FRANK MARGAN - A FOND REFLECTION

Frank Margan at the sink ... drawing of Frank in the later '70s by Philip White 2007


When I was an acid-riddled kid--and probably the better for that--the first reliable book about wine that I encountered was Frank Margan's The Grape and I. It lit me up. 

I found it in 1972. It took some years to sink in. Combined with the influence of Michael Dransfield, it eventually convinced me it was possible to write mainly about wine.

The above is a a reflection sketch of Frank I found today in a notebook from 2007.

In the intermediate years, I was lucky to get to know Frank, who was primarily a journalist who loved gastronomy. I was lucky to dine in two of the lovely restaurants he ran, as an owner and chef; one in Sydney, another in his beloved Hunter Valley, where his son Andrew makes some of the best wines to regularly come from that vignoble, and other parts of New South Wales. 

Here's a bit of Frank's 1969 introduction. It was a radical departure from the popular--and very thin--froth written in those days:

"There are official fictions about the influx of migrants bringing their wine-drinking habits with them and teaching us about food and wine with it, and the other stories about our higher standard of living and more money in our pockets and greater sophistication so we'll blow a quid on a bottle of wine.

"But I don't believe any of that.

"It all happened because 25,000 of us were coming back here every year. After tasting the Médocs and the Graves and the vin ordinaire and catching the magic a little bit, we were quite a bit pretentious and often crashing bores about our trip. We spent our time looking for the cheap joints that had a touch of the European atmosphere and scorning the steak and eggs eaters and the tiled  pubs swilling out beer. We wanted decent food and we wanted to have wine with it and that created a demand that started today's jet climb into the wine consumption charts.
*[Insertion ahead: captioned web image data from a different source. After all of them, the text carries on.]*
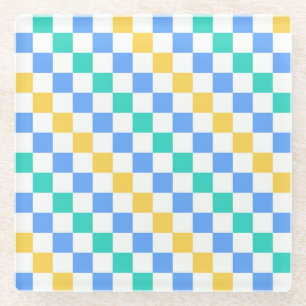 Beach day diagonal checkerboard pattern glass coaster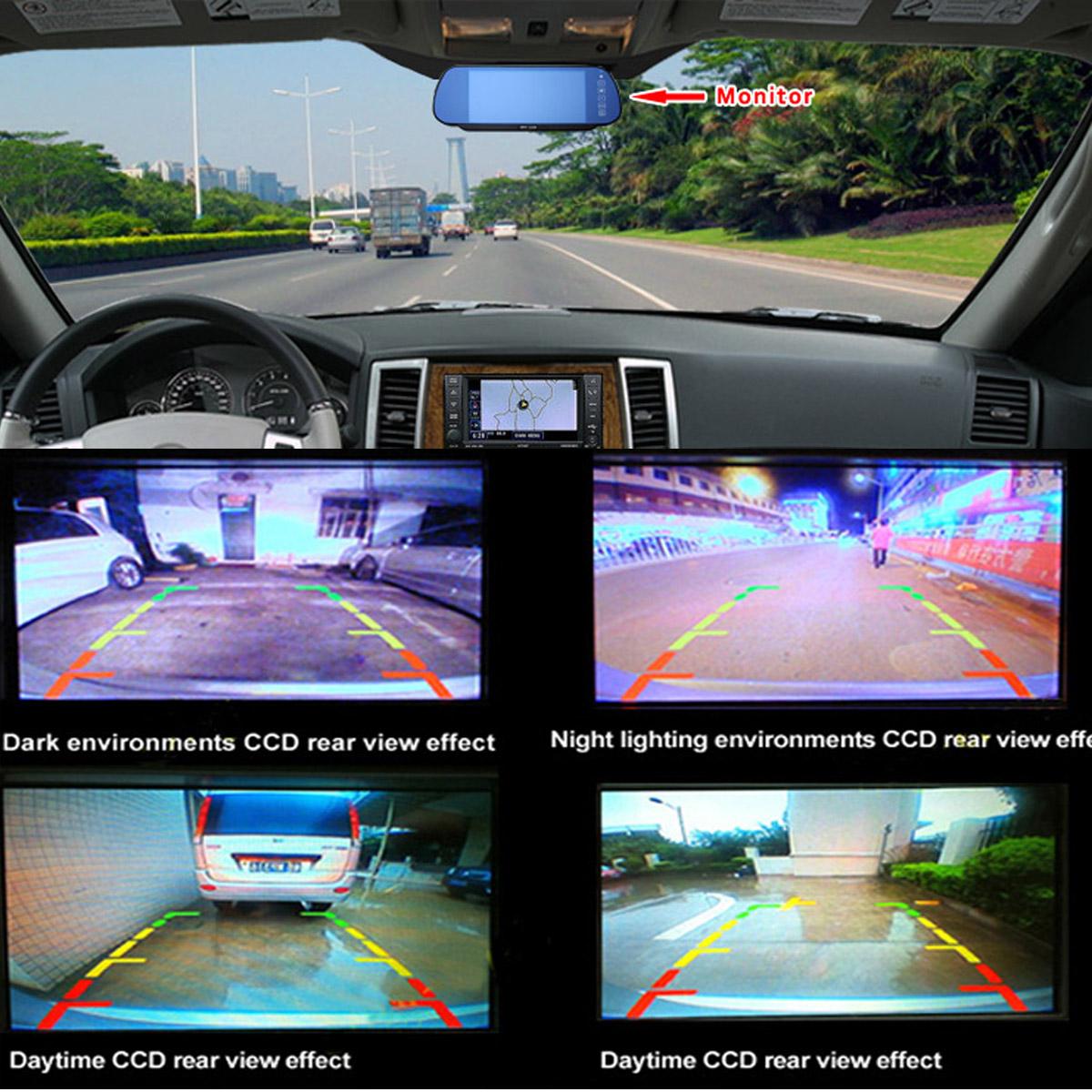 7" TFT LCD Rear View Mirror Monitor Display Fit Car Reverse Parking Rear View Camera
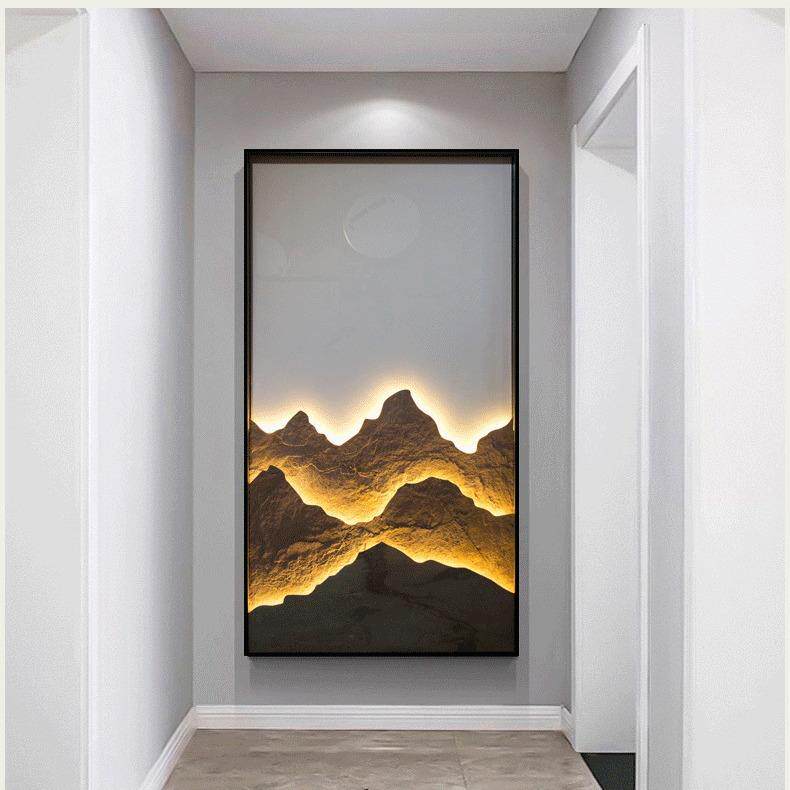 入户过道挂画现代简约正对门发光灯画玄关装饰画走廊墙面高档壁画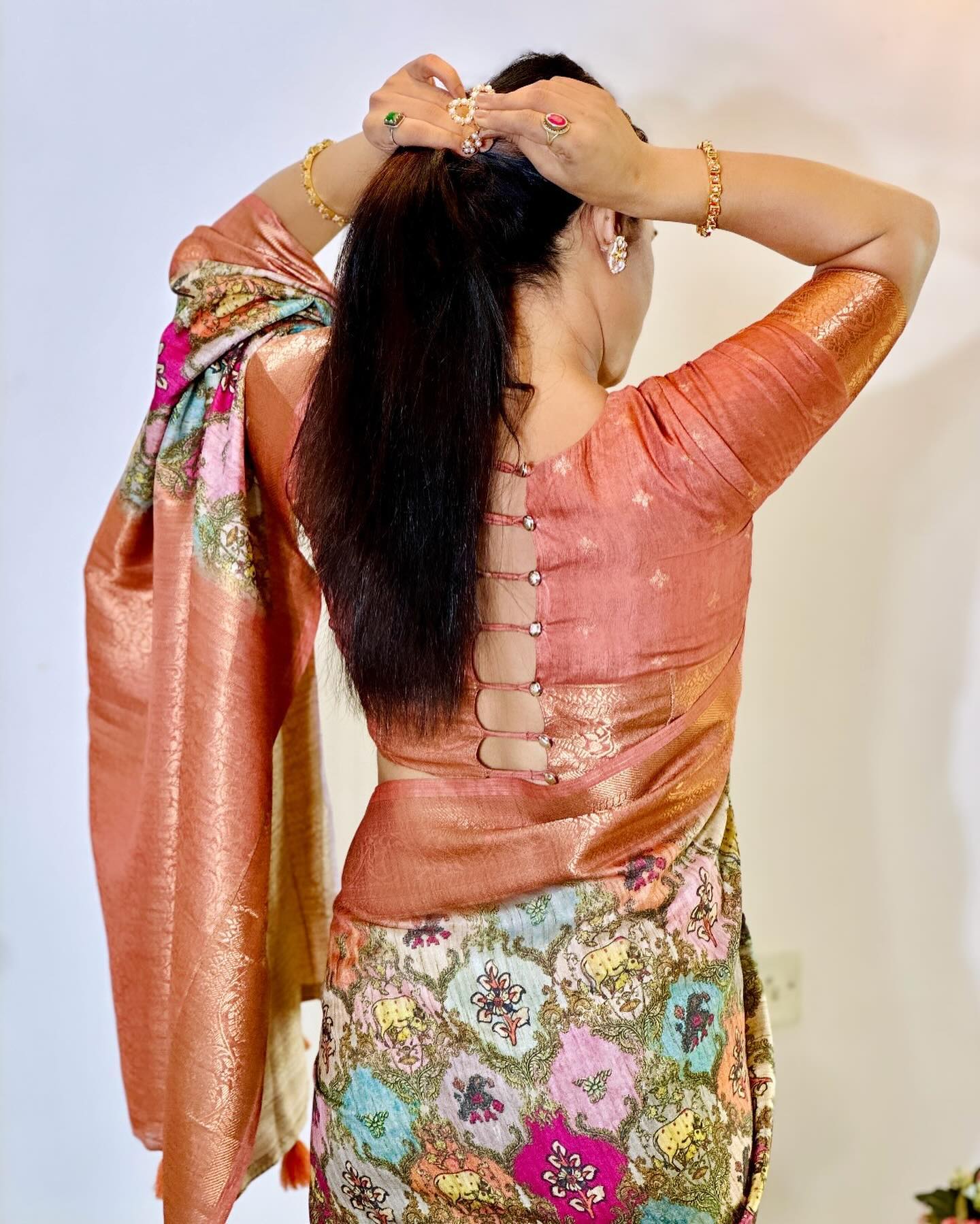 Buy MySilkLove Copper Penny Pink and Brown Digital Printed Tussar Silk Saree Online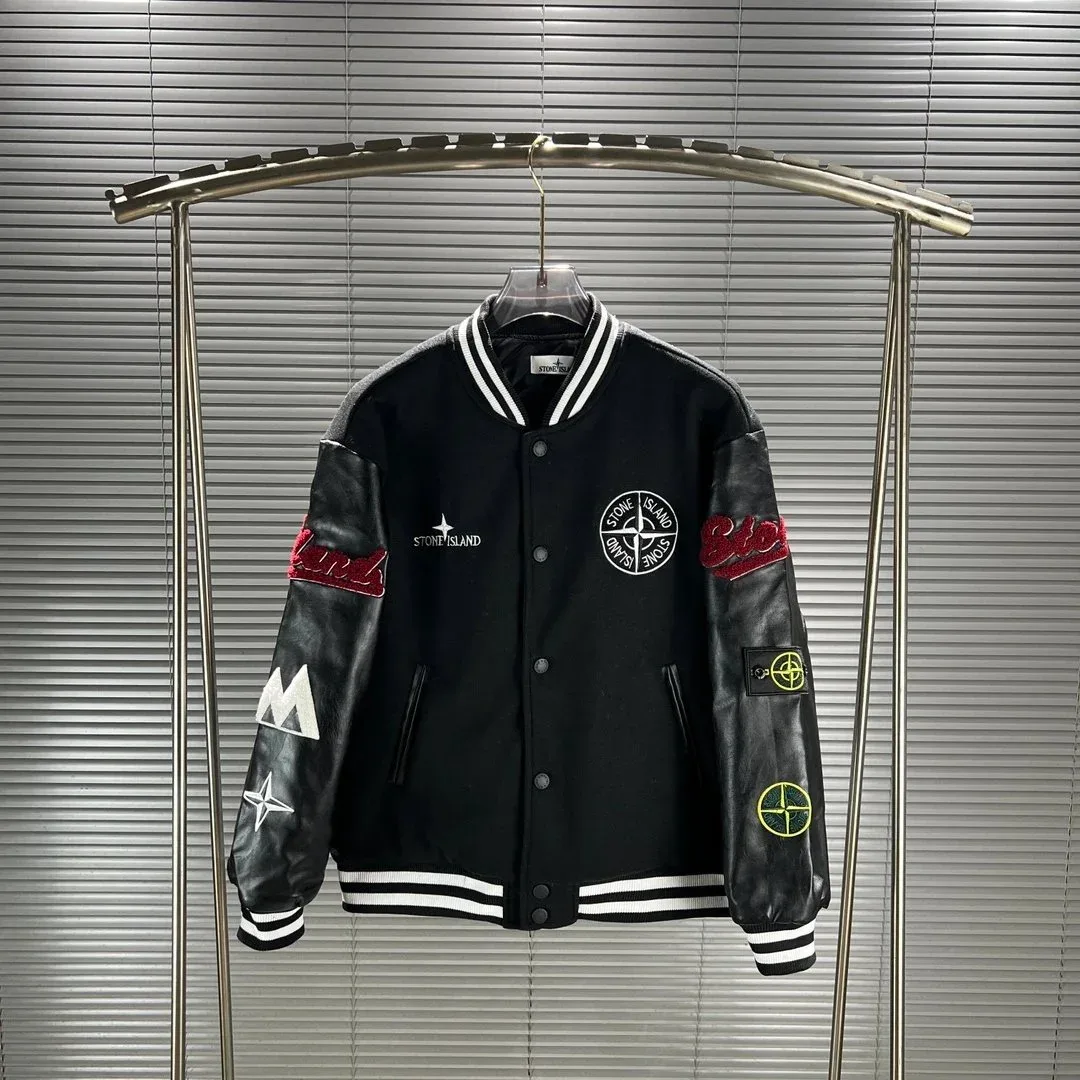 Stone Island 68-15 Black Leather Sleeve Bomber Jacket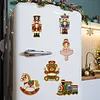 6PCS Nutcracker Christmas DIY Pearl Diamond Painting Christmas Fridge Magnets, Sparkling Rhinestone Refrigerator Magnet Craft Kit for Home Decor & Gifts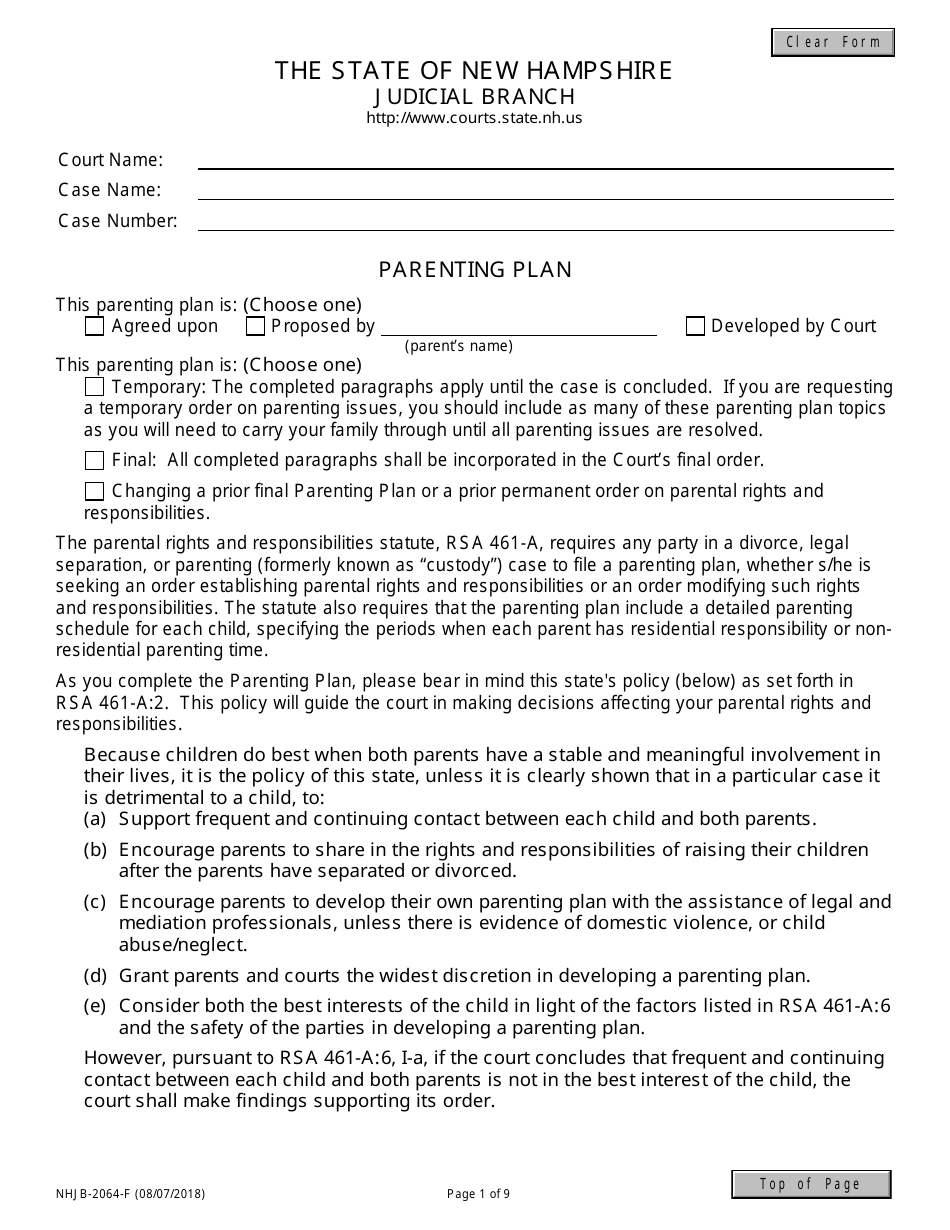 Form NHJB-2064-F Parenting Plan - New Hampshire, Page 1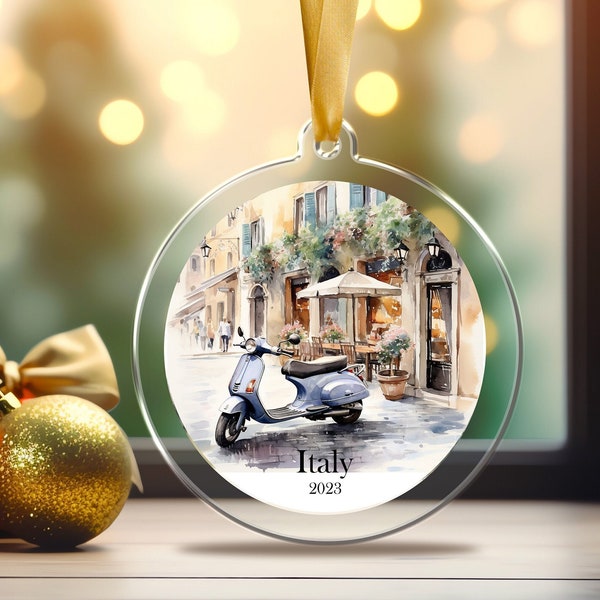 Personalized Italy Ornament, Rome, Italy Christmas Ornament,  Italian Ornament, Travel Souvenir, Vacation ornament Italia,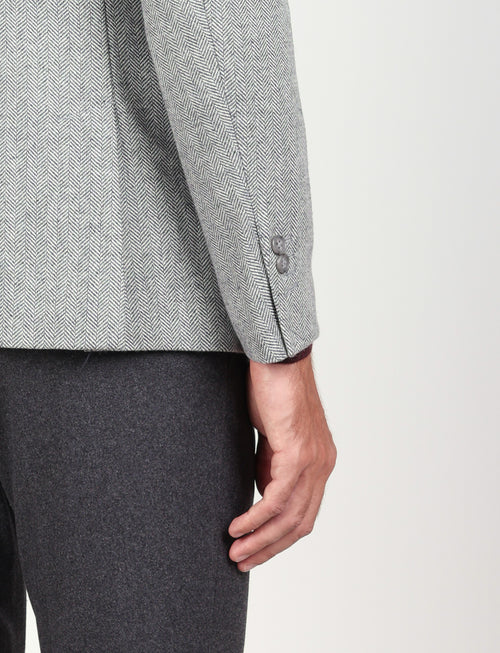Giacca spigata in misto lana |Colore:Grigio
"It wasn't the migrants--if you care to keep your eyes open you'll find they have switched to beer, or flagon red mixed with lemonade or soda. No, it wasn't them. It was us."

Frank Margan, The Grape and I (Paul Hamlyn, 1969)  

Andrew, who's hyper-busy finishing a tricky vintage in the Hunter, tells me Frank's in good hands in a caring home where he still claims of his book "The unsigned ones are worth more than the signed ones."  

Best love to all you Margans. And Barbara!





  

2 comments:

ronnie radford said...

lovin your maps of Australia. pauines mouf. franks nose

Cheryl Hill said...

Regrettably acknowledging the passing of Frank last week. Fond memories of the Cottage Restaurant, Wollombi road, West Cessnock. Madly looking for a photo I have of Frank and friends in the restaurant with the boys smoking Gitanes (inside!) OMG.The memories will live on so Frank will certainly remain with me.